An exact copy is required of the lines running from the one that contains "GLOWMODE Quần legging" to the end of the material, both ends included, with pictures omitted.

** Opening Dataset content block **

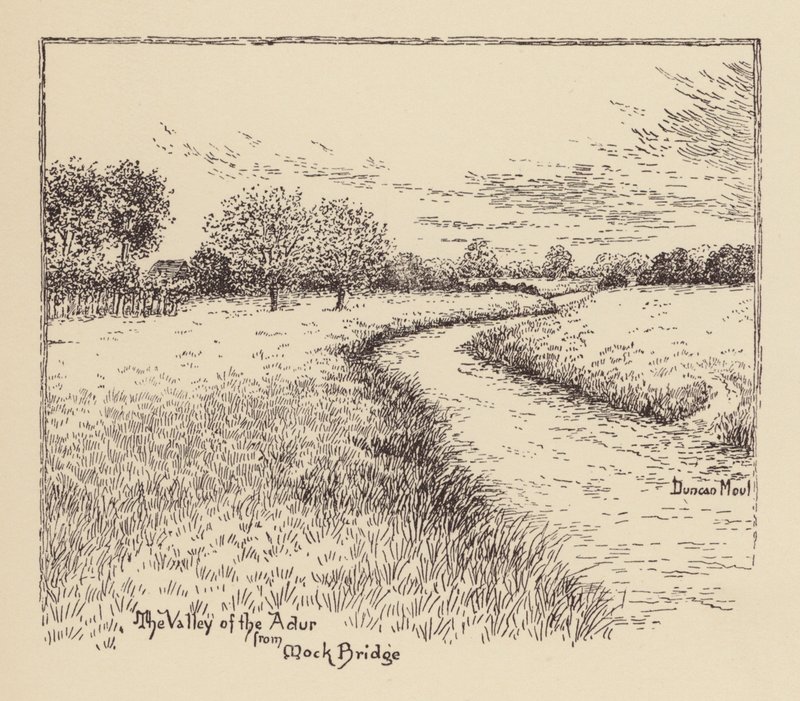 Sussex: Dolina Adur z Mock Bridge (litografia) autorstwa Duncan Moul
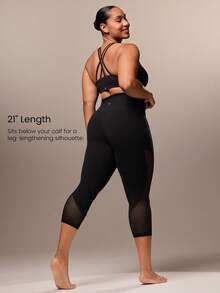 GLOWMODE Quần legging cạp cao Flex Mesh FeatherFit™ cỡ lớn 24'' có túi bên hông, tập yoga tác động thấp hàng ngày - màu đen - Xem 2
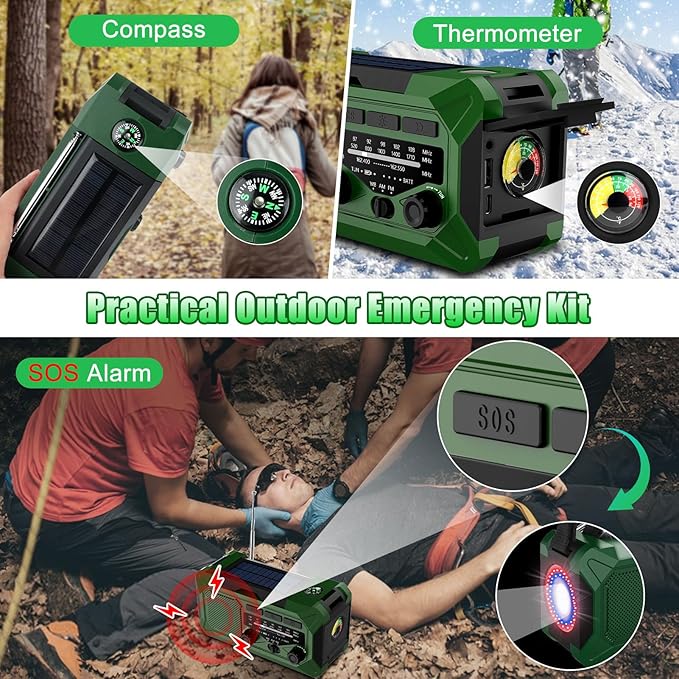 10000mAh Emergency Hand Crank Radio with LED Flashlight, AM/FM NOAA Portable Weather Alert Radio, Solar Powered Radio with Phone Charger, USB Charged, Headphone Jack, SOS Alarm, Compass for Outdoors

** Closing Dataset content block **

● **Solution for this problem**:
 GLOWMODE Quần legging cạp cao Flex Mesh FeatherFit™ cỡ lớn 24'' có túi bên hông, tập yoga tác động thấp hàng ngày - màu đen - Xem 2
 10000mAh Emergency Hand Crank Radio with LED Flashlight, AM/FM NOAA Portable Weather Alert Radio, Solar Powered Radio with Phone Charger, USB Charged, Headphone Jack, SOS Alarm, Compass for Outdoors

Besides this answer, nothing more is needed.